The program made a landmark development this month, opening up two brand-new sand volleyball courts at Sunset Canyon Recreation Center to serve as on-campus practice facilities and a home stadium. Internally, a roster philosophy change is taking place – a team comprised mainly of indoor players is giving way to one with a majority of sand-only athletes.
The few major changes have paved the way for a bevy of minor changes as a fluctuating UCLA sand volleyball program seems to be tipping in the right direction.
Finding a home
Tucked away in the left side of Sunset Rec’s upper level is what coach Stein Metzger calls the “turning point of the program.”
The two new sand volleyball courts – highlighted in Bruin blue and gold, no less, and open to the public at times – have brought a palpable buzz to the program’s future.
“I know our athletes are super excited,” Metzger said. “I think there’s everything here (at UCLA) in order for us to be a powerhouse in the sport.
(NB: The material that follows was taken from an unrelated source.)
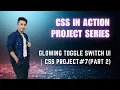 Glowing Toggle Switch UI Modern CSS Project CSS in Action Project Series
And now that we have courts on campus, I think that’s another big step toward getting there.”
Over the past two seasons, without an on-campus practice facility, the Bruins have been left no choice but to drive to Annenberg Community Beach House twice a week for two-hour 8 a.m. practices.
For the players, the ordeal proved troublesome. Their practice opportunities were limited from having to make such a trip, and usually when they did practice, they’d have to rush back and try to make it to class on time.
This past season, the team held just 22 practices, similar to its inaugural season the year before. In comparison, next season, because of the on-campus courts, Metzger said the team will up its number of practices to 97, more than tripling the amount of practices this season and doubling the total amount of practices from the past two seasons combined.
“I think having more time to train is going to make us a lot better,” said assistant coach Jenny Johnson Jordan. “We saw (this season) when we took a trip up north for four or five days, from the beginning of the trip to the end … we saw a huge amount of growth in the girls. … Really the best thing to do is to just play.”
Dual home matches will be played at the facility as well next year, around six to seven in all. A season’s worth of home games could go a long way to dissolving a discouraging notion the players and coaches alike believe: The majority of students still remain unaware UCLA even has a sand volleyball program.
Roster in transition
For the better part of the program’s first two seasons, indoor athletes filled the team’s rosters. In some ways, UCLA sand volleyball appeared to be a carryover of the UCLA women’s volleyball team.
But as last year’s indoor season neared an end, a vision for a team of mainly indoor players on the sand gave way to a more logical one: The Bruins would mix indoor players and sand-only players, with the latter eventually holding the majority.
“A lot of the indoor coaches who have scouted sand programs realized playing indoor and outdoor takes a very different toll on the athlete, and we’ve already seen the impact of it,” Long said. “We’ve also seen the schools that have decided to go only sand athletes, where they’ve been very successful in their sand programs by focusing on sand only.”
With that knowledge on hand and the aim for his program to join the nation’s elite, Metzger pinned down four sand-only recruits to make the first-ever freshman class in program history. The sand-only player tally will likely hit seven to eight next season, which should be approximately half of the team’s roster.
A significant number of sand-only players and new courts have Metzger set to hold the program’s first-ever fall training segment for those athletes while the indoor players are in season. Because come fall, he understands, the program is headed into uncharted waters.
“The level of seriousness will probably increase as the sand-only athletes come in ’cause I think that’s what they expect,” Metzger said. “Moving forward, it’s probably going to get a bit more tense, a little bit more serious, there’s going to be more practice and training.”
For a UCLA sand volleyball program that has spent much of the previous two seasons under the umbrella protection of being newcomers to the sport, change is imminent.
The once-fledgling program seems to have sprouted its wings.